Dentro l'app di Deezer, tramite il Deezer Club, gli ascoltatori ora possono smontare un brano e rimetterlo insieme. Le basi sono semplici: spostare il tempo, aggiungere riverbero. Ma la funzione apre anche la strada a "trasformazioni più elaborate, come cambi di genere e di stile musicale", ed è lì che un semplice strumento di streaming inizia a somigliare a una piccola cabina di produzione.

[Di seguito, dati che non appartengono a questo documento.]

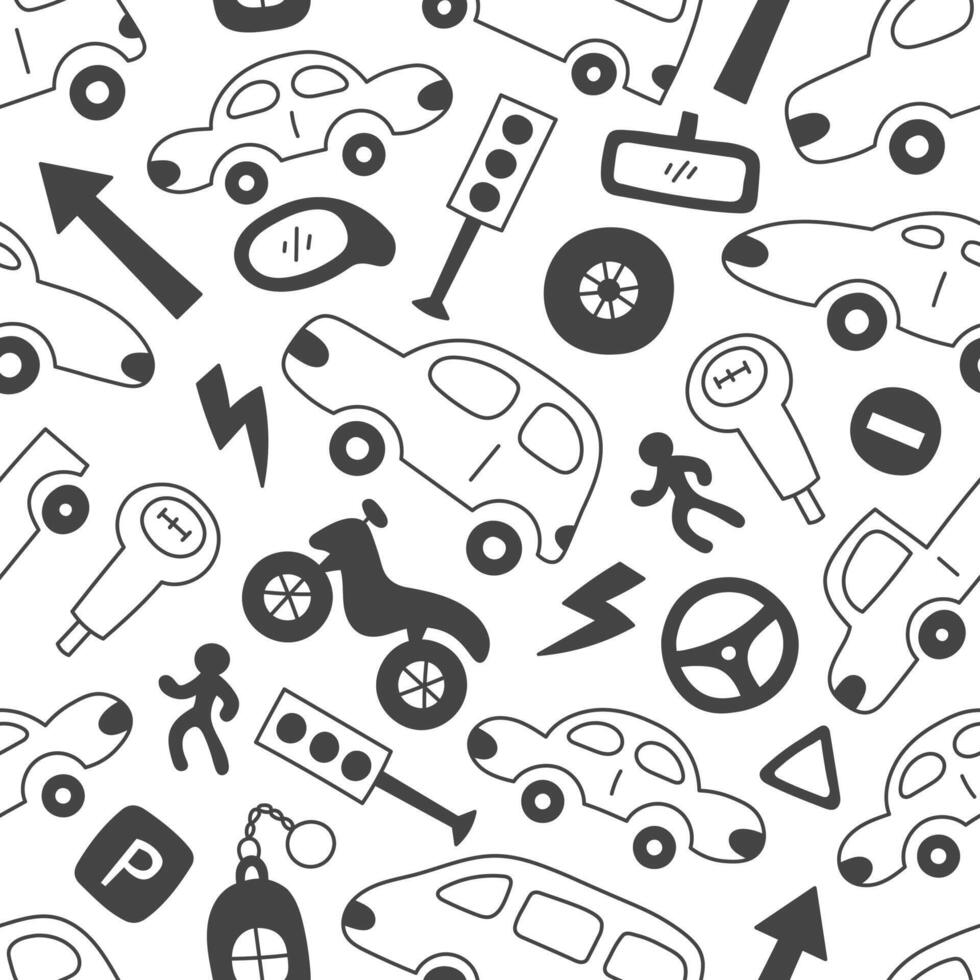 Car and Traffic Sign Seamless Pattern vector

L'aggancio è il livello concorsi del Deezer Club. Gli utenti possono partecipare a contest di remix, con i vincitori annunciati a inizio settembre. Tra i premi: una posizione in playlist, biglietti per gli eventi Deezer Purple Door e merchandising dell'artista, quindi c'è un incentivo reale a finire e inviare davvero una versione.

In che cosa è diverso da quello che fanno Spotify e YouTube?

È tutto qui. Dove YouTube e Spotify usano l'IA per i remix, Deezer fa l'opposto: strumenti creativi integrati, guidati da una persona, senza modello generativo nel processo. È una presa di posizione voluta contro l'onda della musica con IA, e si allinea al resto del suo anno. L'azienda ha dichiarato a inizio 2026 che circa il 44% dei brani appena caricati è interamente generato dall'IA, e l'11 giugno 2026 ha lanciato un rilevatore gratuito di musica IA che scansiona le playlist sulle piattaforme rivali. Remix Lab è il rovescio positivo di tutto ciò: non controllare l'IA, ma pagare gli umani per remixare.

Gli artisti decidono davvero e vengono pagati?

Sì. La funzione lavora solo con l'approvazione esplicita dell'artista e del titolare dei diritti, ed è per questo che il lancio è una selezione curata e non un accesso libero.

«Queste funzioni sono rese possibili dalla piena partecipazione degli artisti, nel pieno rispetto dei diritti, massimizzando i guadagni di ogni brano.» (Il CEO Alexis Lanternier)

Questo inquadramento (consenso, diritti, guadagni) è il cuneo: restituisce agli artisti un controllo e una fonte di reddito che il remix con IA non offre.